2025-11-08 –, Theater
AI agents for Kubernetes automation fail because they're trained on unrealistic, simplified scenarios. Unfortunately, there is a dearth of such training data available, as most companies are reticent to publicly share cluster operations data. Moreover, even existing data from, e.g., Google or Alibaba, is not representative of usage patterns seen in smaller organizations. In this talk, we will demonstrate how to use a small “seed” of real, production data from existing Kubernetes clusters to generate a large set of representative, synthetic training data for Kubernetes AI agents. We use graph-theoritic and statistical methods to generate a diverse set of training data covering failure modes, scaling events, resource contention problems, and other common scenarios found in production systems. These techniques, based on research from a team at Harvey Mudd College, allow AI Kubernetes Agents to be trained on high-quality data that is tailored to your company’s production infrastructure.
The modern AI industry is evolving at a break-neck pace; as new techniques and models become available, the rapid (re)-training of AI agents is critical for companies to remain competitive. Moreover, doing this training in a cost-effective manner provides these companies with a longer runway to get their products to market. Lastly, while AI agents trained to manage Kubernetes can often solve simple problems on small clusters, they have thus far have failed to work in large, general-purpose clusters like those seen in many companies’ production infrastructure.
In this talk, users will learn how they can build a custom, personalized set of training data for AI Kubernetes agents, based on a relatively small amount of initial data. This capability will enable them to stay competitive in a rapidly-changing ecosystem, while keeping costs under control. We will also provide users with an easy-to-use “sandbox” training environment where agents can interact with the Kubernetes API and observe the effects of these interactions on the training data.

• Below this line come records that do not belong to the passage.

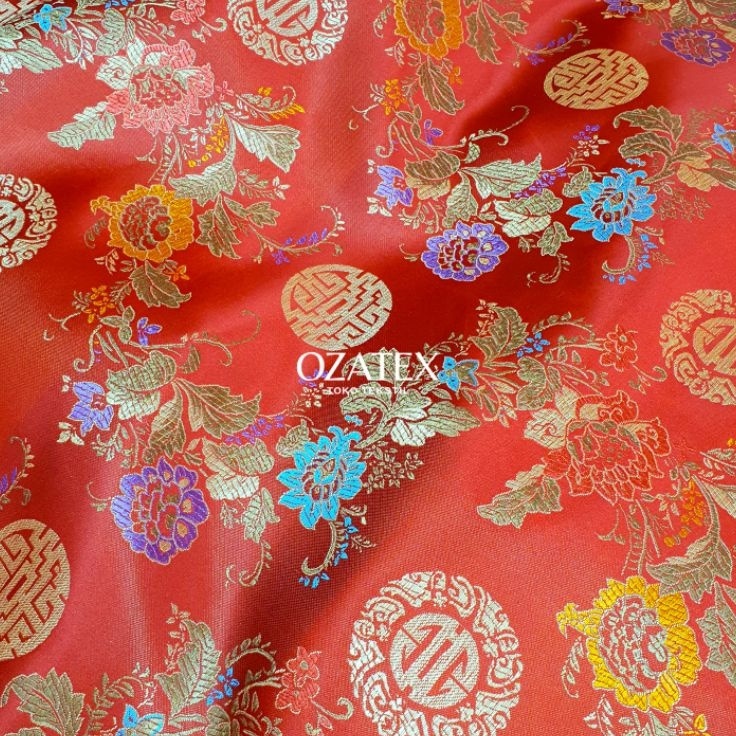 New IdbB5n Kain Congsam Cheongsam Chongsam Cheongsam Tebal Satin Motif Bordir
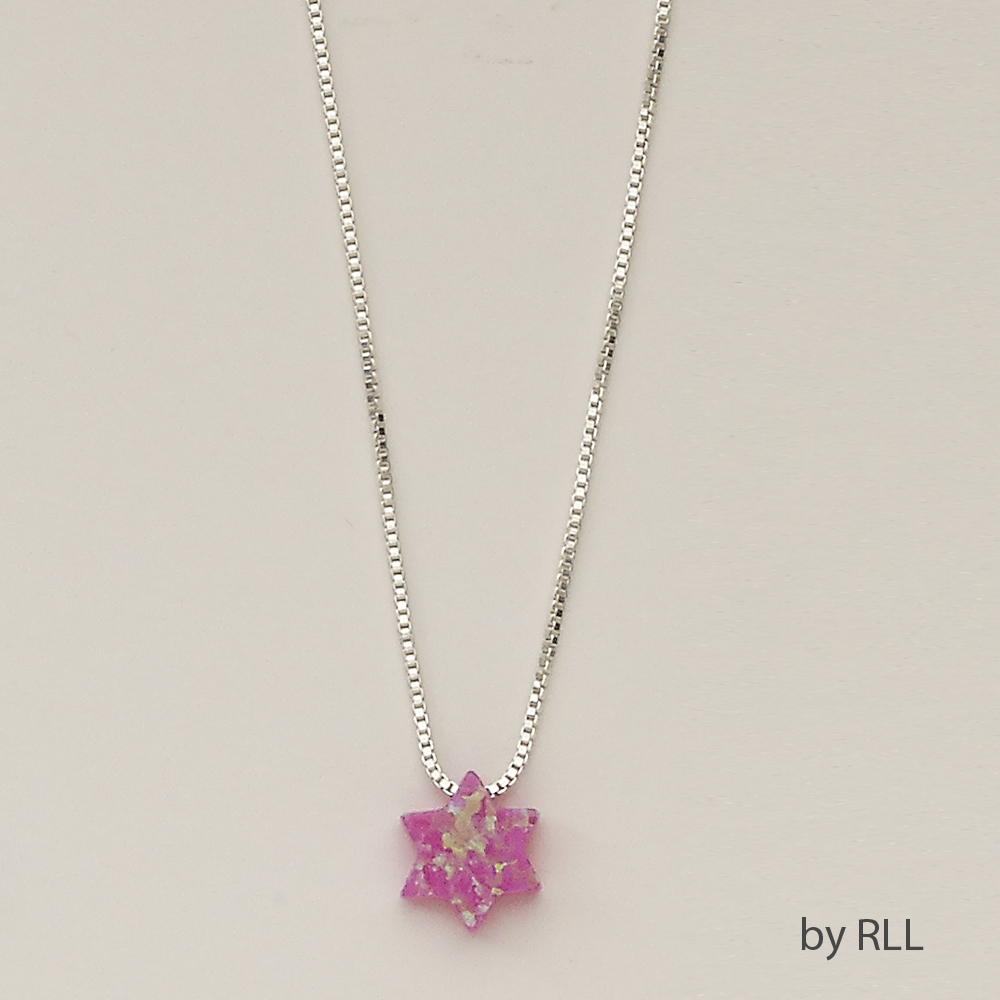 Pink Opal "Star of David" Pendant,on 16" Sterl Chain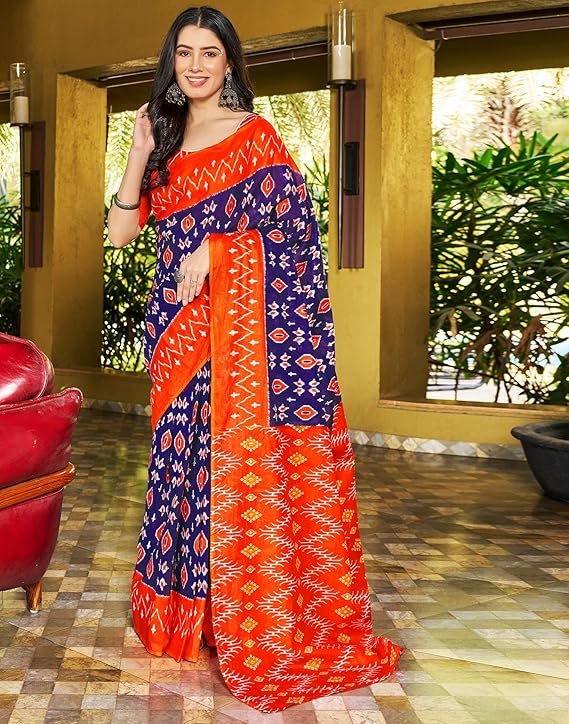 SIRIL Women's Cotton Printed Ready To Wear One Minute Saree With Unstitched Blouse Orange & Blue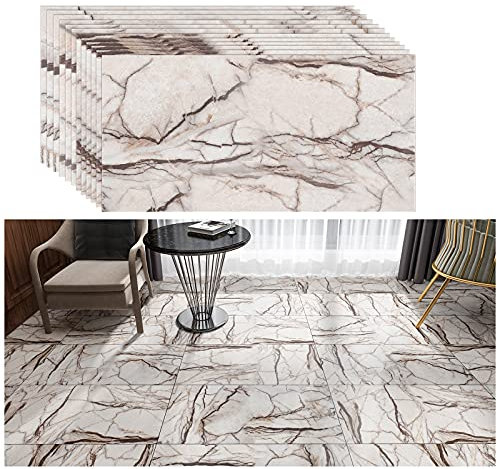 VEELIKE Decorativo Della Prova di Olio Delle Mattonelle del PVC Adesivi per Pavimenti in Vinile da Bagno Impermeabili Autoadesivo del Pavimento Della Cucina Facile da Usare 12 Pezzi 60cm x 30cm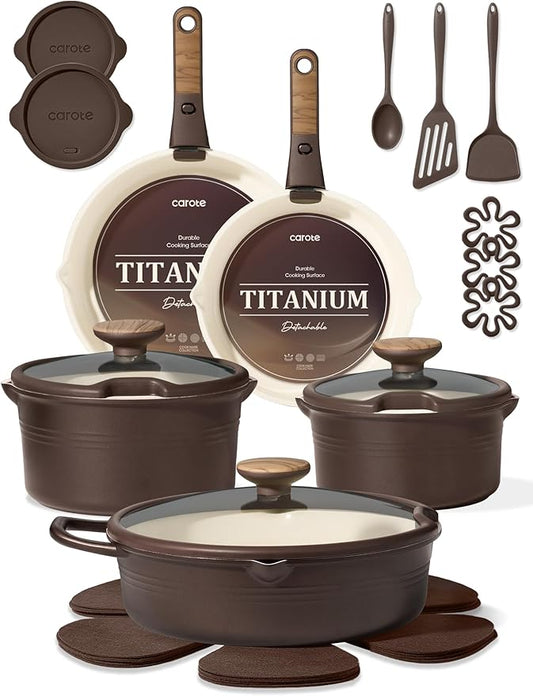 CAROTE 22Pcs Titanium Cookware Set, Pots and Pans Set Non Stick, Kitchen Cooking Set with Detachable Handle, Non Toxic Induction Cookware, Dishwasher/Oven Safe, Browm by CAROTE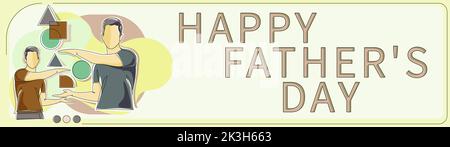 Textschild zeigt Morgen ist Freitag an. Wort, das zur Jahreszeit geschrieben wurde, um Väter auf der ganzen Welt zu feiern Stockfoto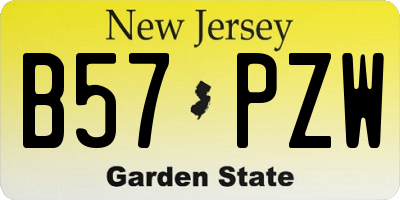 NJ license plate B57PZW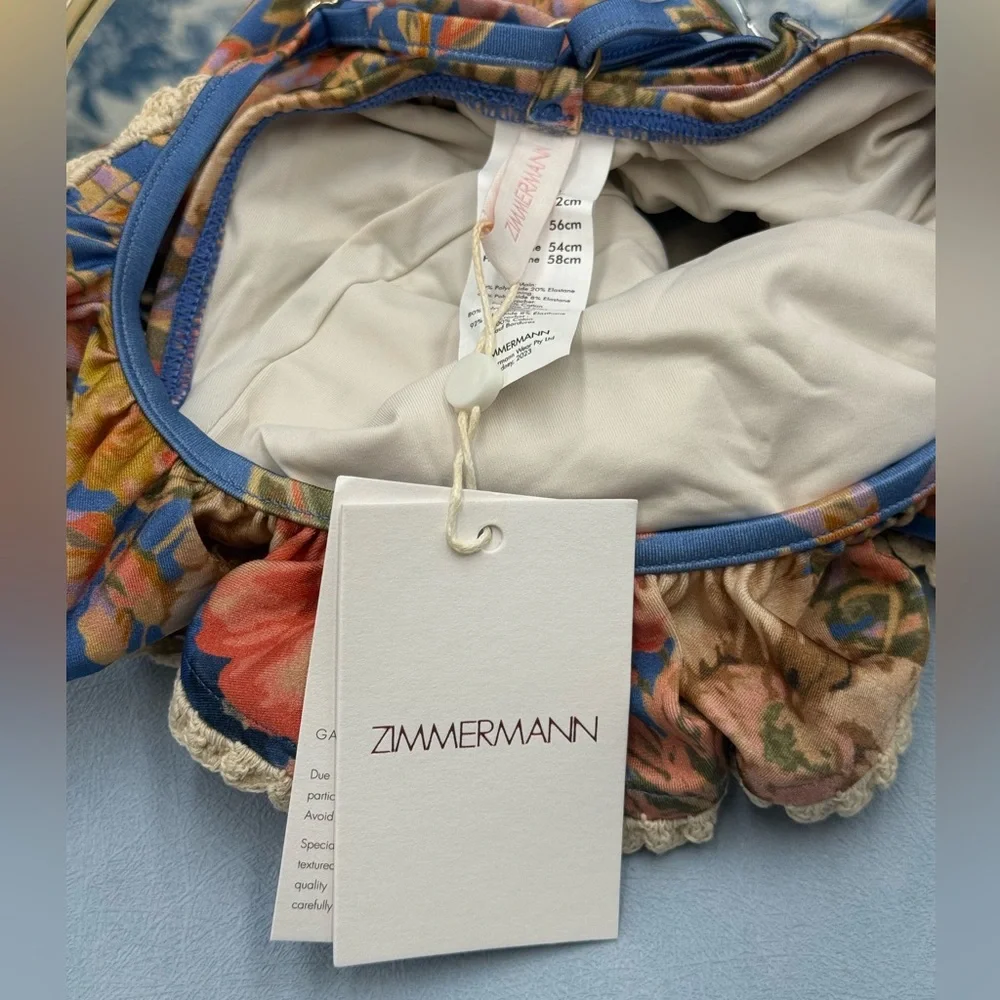🆕 ZIMMERMANN KIDS 🧿 NWT August Trim Scoop 1PC, Dusty Blue Floral - Sz 2Y_12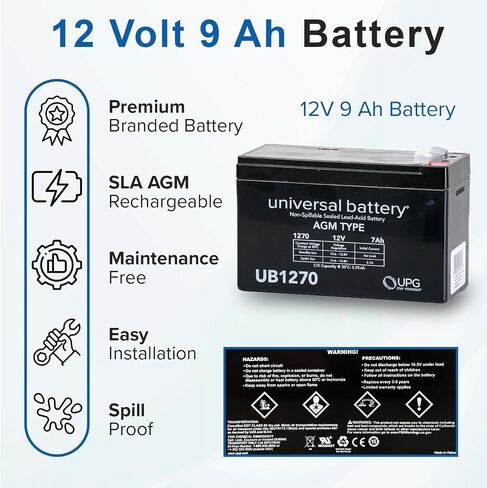 AlveyTech Premium 12 Volt Battery for Electric Scooters, Ride-On Toys, Power Back-Ups, & Alarm Systems (7 Ah) - Replacement Single Rechargeable AGM Battery with Tab Terminal in Kuwait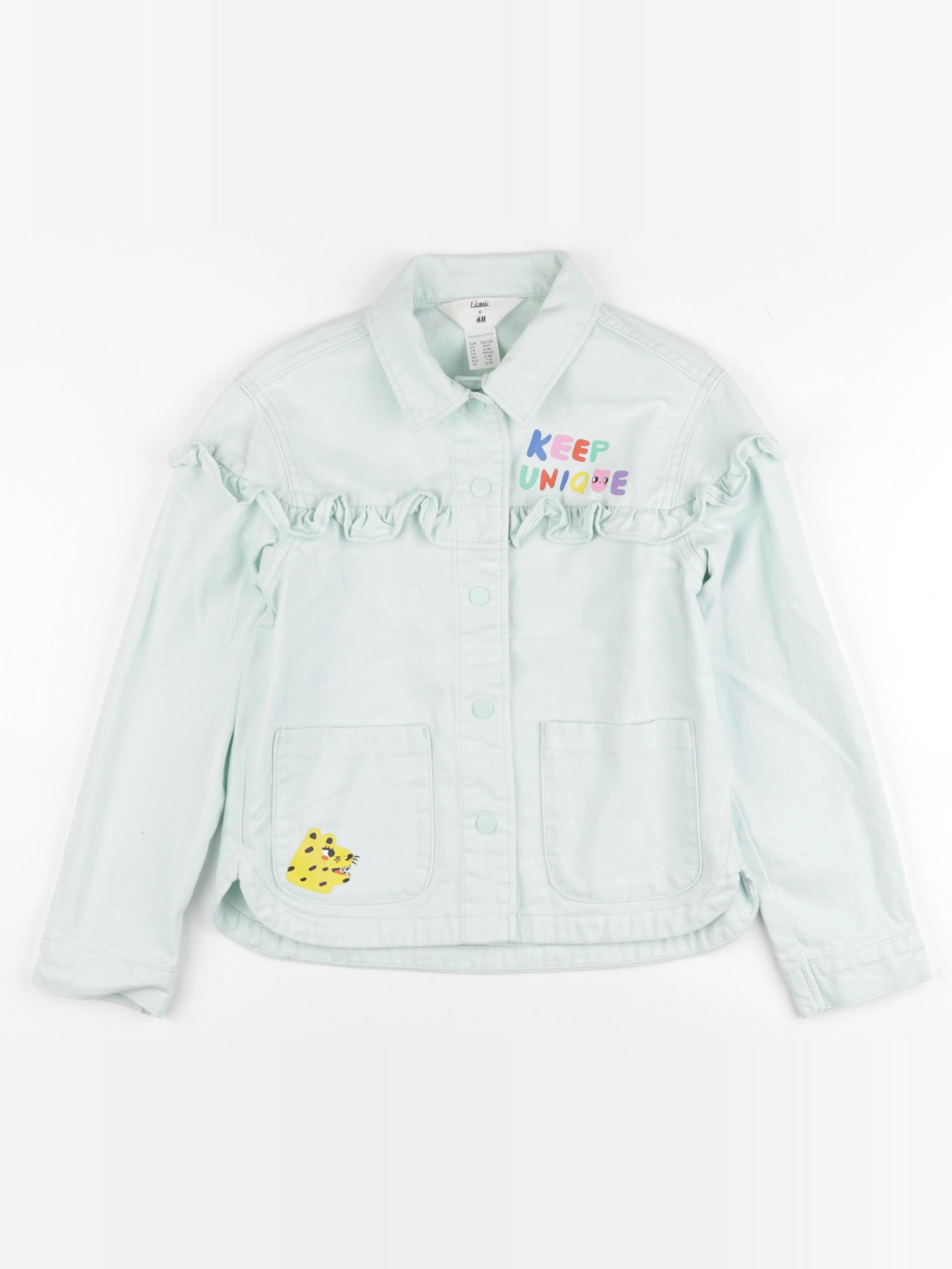 H&M - veste imprimé au dos vert - 6/8 ans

This work was done in collaboration with a team of researchers at Harvey Mudd College, and will additionally benefit the ecosystem by facilitating the flow of knowledge from the academic community into industry.
drmorr is the founder of ACRL, and is a computer scientist, researcher, and software engineer focused on problems in optimization, scheduling, and distributed systems. He received his PhD from the University of Illinois, Urbana-Champaign in 2014, and has over a decade of industry experience (at companies like Airbnb and Yelp) as well as a strong background in academic research. In his spare time he builds Legos, plays board games, and writes fiction.